After working as a schoolteacher for a few years, Patzer decided to take his interest in law one step further and began his graduate studies. While completing his master’s degree at the University of Manitoba and doctoral degree at Carleton University in Ontario, he took a critical lens to how the courts handle Indigenous rights, title and treaty rights, and critiqued their approach to resolving colonial dispossession.
“When it came time to look for a job as a professor, I was looking for universities that were hiring in areas that specialize in Indigenous issues,” he says. “(Manitoba) is where I still have that farm with my family. I still exercise my Section 35 Indigenous rights to go hunting and fishing. I knew I wanted to stay (in Manitoba) if I could.”
And so, in 2016, Patzer accepted a position in the U of M’s department of sociology and criminology and moved back to the Prairies.
In addition to teaching, Patzer continues to publish about Aboriginal law, which denotes the body of law in the Canadian legal system that deals with issues in traditional areas like treaty rights, Indigenous title and duty to consult, as well as issues surrounding Métis rights.
Most recently, his research has focused on how the courts have handled controversies around Residential Schools and the nearly 20,000 Indigenous children taken from their families in the Sixties Scoop. Patzer’s research aims to shift how similar court cases, settlement agreements and Indigenous rights issues are handled in the future.
“For me, broadly speaking, these are all historical grievances. These are infamies from our colonial past, very negative and harmful things that the courts – and the law in general – have difficulty trying to reconcile and resolve, even today,” he says. “I look with a critical eye to see how the law handles that and what it is able to do – and not able to do – when it’s trying to resolve those historical controversies.”
Teaching that legal and political history to students – while relating it to contemporary issues in Canada – has been especially fulfilling for Patzer since he returned to the U of M. “A lot of this is unknown to my students – students who were born and raised here in Manitoba and students who come from afar alike,” he says. “To be able to open students’ eyes to (these issues) is a rewarding endeavour.”
In terms of advice for students interested in pursuing a career in the broad fields of sociology or criminology, Patzer urges them to focus on areas they connect with personally, as he did with his hunting rights.
“Find areas of interest that really speak to you – as well as faculty members who work in those areas or whose teaching really speaks to you – and use that to try to light a path for yourself,” he says.
The next chapter for Patzer?
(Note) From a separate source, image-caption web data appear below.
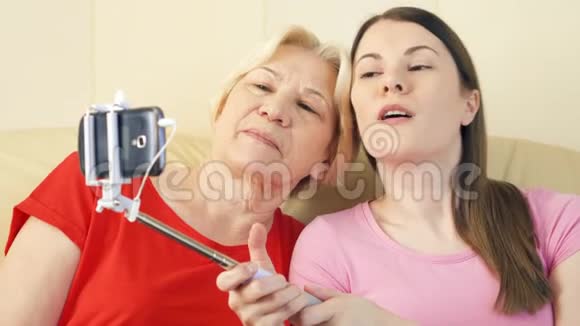 母亲和女儿坐在家里的沙发上用智能手机和自拍棒制作自拍视频的预览图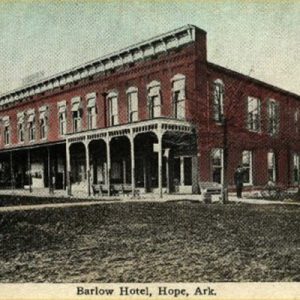Two story red brick building with covered porch and street on post card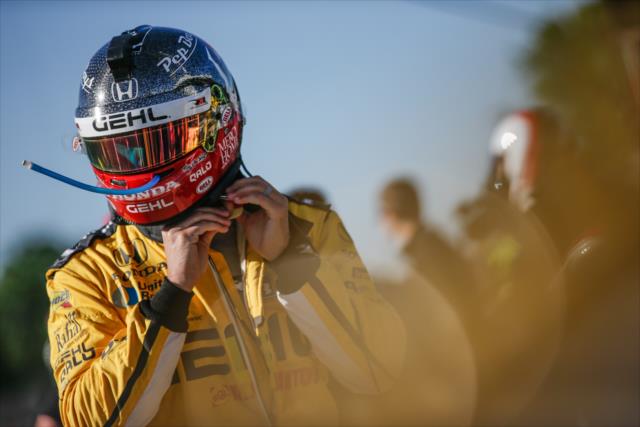 Graham Rahal straps on his helmet prior to the final warmup for the KOHLER Grand Prix at Road America -- Photo by: Shawn Gritzmacher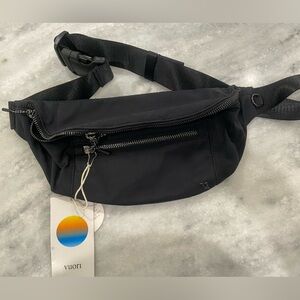 Brand new Black Vuori Sling bag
A book project proposal focusing on a critical sociological analysis of Aboriginal law as related to the Canadian legal system.
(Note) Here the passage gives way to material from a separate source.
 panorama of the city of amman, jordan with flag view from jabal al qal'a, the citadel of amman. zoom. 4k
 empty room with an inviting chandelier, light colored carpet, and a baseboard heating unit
“I’m interested in the idea of putting together a project that critically examines the limitations of the law for resolving historical grievances like we have in Canada,” he says. “A larger project that can examine the successes – or the strategies used – and also the difficulties of having the law try to resolve these historical grievances and these forms of harm that Indigenous peoples have suffered historically.”